Colds, the flu, mumps, and German measles could all potentially be spread through kissing, CNN reported, but it's more likely that you'd catch it from being around one another or them otherwise spreading germs through sneezing, coughing, or touching the other person. So while you could end up getting each other sick after kissing, chances are it wasn't the kissing itself that did it, but all the time you spent near them beforehand.
OK, so I know that this probably isn't shocking, but it felt wrong to leave the so-called "kissing disease" out of the discussion entirely. Mononucleosis (or mono) is the name of a variety of symptoms that can be caused by the Epstein-Barr virus, as Healthline noted. Because it does, in fact, spread through saliva, it'll probably never shake its nickname. Though you probably knew someone who had it in high school, you can get mono at any time, so you should still watch for symptoms, like extreme fatigue.
In an interview for the previously-mentioned article from Self, Dr. Chris Carpenter, M.D., an infectious disease and internal medicine specialist, said that bacterial meningitis can be spread through being in close contact with someone with the condition and requires treatment with antibiotics if you're exposed because it can often cause you to actually develop meningitis. Because if you're kissing, you're in close contact with your partner, if they have bacterial meningitis, you could end up getting it as well.
MRSA is more well-known for being something that you might catch at the gym or during a stay in the hospital, but the infection can also spread through kissing, as noted in a post on the Cleveland Clinic website. Staph infections — like MRSA — can be quite serious, so it's important to see your doctor if you show symptoms.
Strep throat is only one of many potential diseases that Streptococcus can cause, as Very Well noted. The site also noted that strep throat can be spread through kissing because the bacteria sticks to surfaces within your mouth, which can then transfer to the other person's mouth and cause an infection. Though strep throat can be treated with antibiotics, it's not exactly the most pleasant set of symptoms to experience.
In an interview with Self for the aforementioned article, Dr. Antonio Pizarro, M.D., an OB-GYN, said that syphilis can cause someone to develop sores inside their mouth. That makes it potentially dangerous when it comes to kissing. Like many of the other conditions on this list, it's not likely that you'd contract syphilis by kissing someone, but if they have open sores in their mouth, it's theoretically a possibility.

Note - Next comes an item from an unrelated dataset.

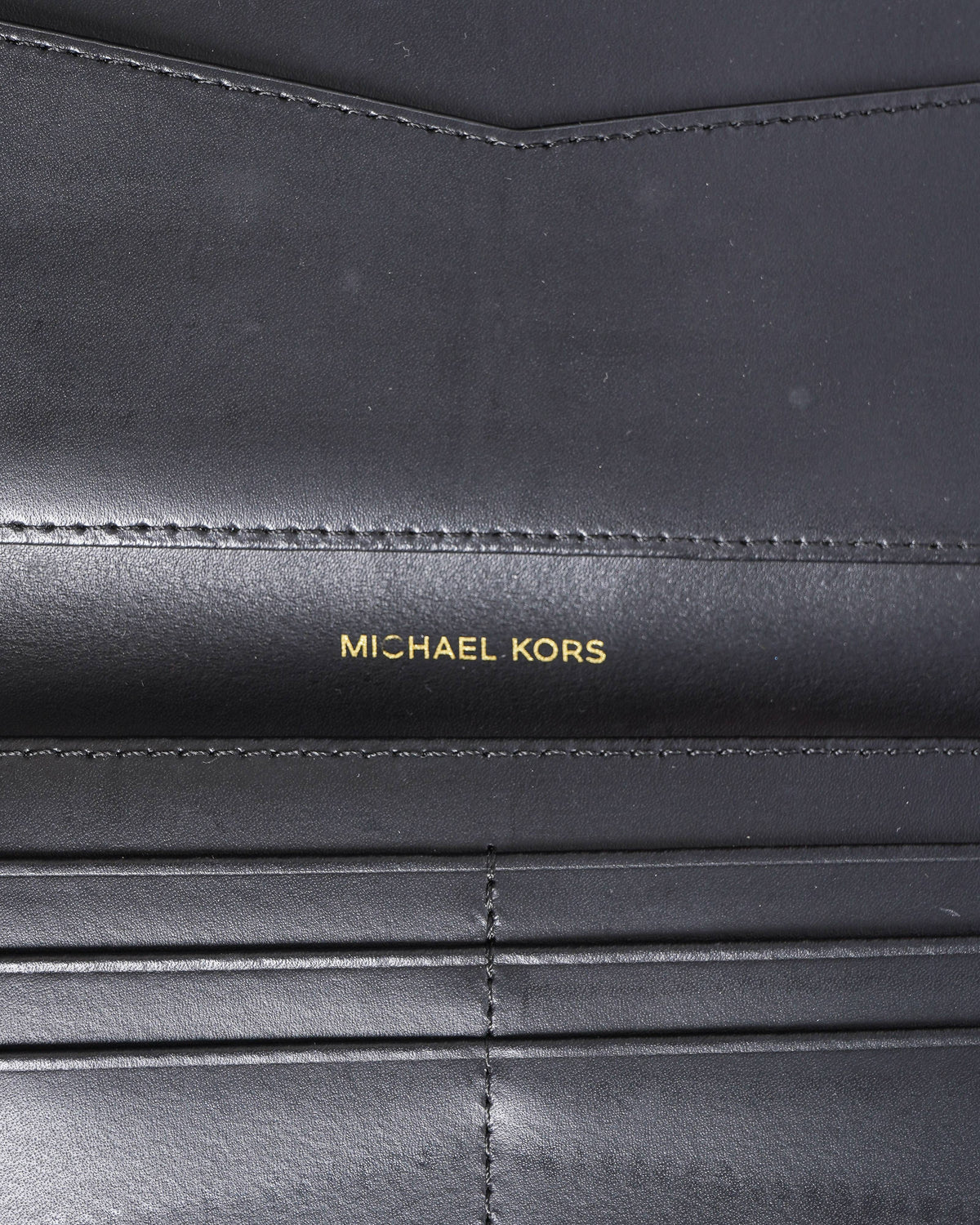 Michael Kors Embossed Monogram Zip Around Wallet In Black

In the previously-mentioned article, CNN reported that cytomegalovirus, which is a "member of the herpes family," can also be spread from kissing someone who's been infected with it. Though a lot of people have antibodies to it from earlier infections that they didn't even know they had, not everyone does, and if you contract it, it can result in some pretty serious symptoms.
Perhaps not that surprisingly, you could also end up sharing the bacteria that can cause gingivitis when you kiss. Go Ask Alice, a health Q & A column from Columbia University, noted that microbiota on the tongue and in the saliva, as well as bacteria in the saliva that are shared when kissing can potentially lead to gum disease. Brushing and flossing — as well as regular dental cleanings — are important in the effort to keep your gums, teeth, and mouth healthy.
Though rare, it is possible to get hepatitis B from kissing. In the previously-mentioned article, Very Well noted that the hepatitis B virus is blood-borne and, like HIV, typically transmitted through sexual contact, but that there are some documented cases where hepatitis B was transmitted through saliva.
Ultimately, it's extremely unlike that you'd end up with this or any other major condition from kissing, but knowing the risks is certainly important.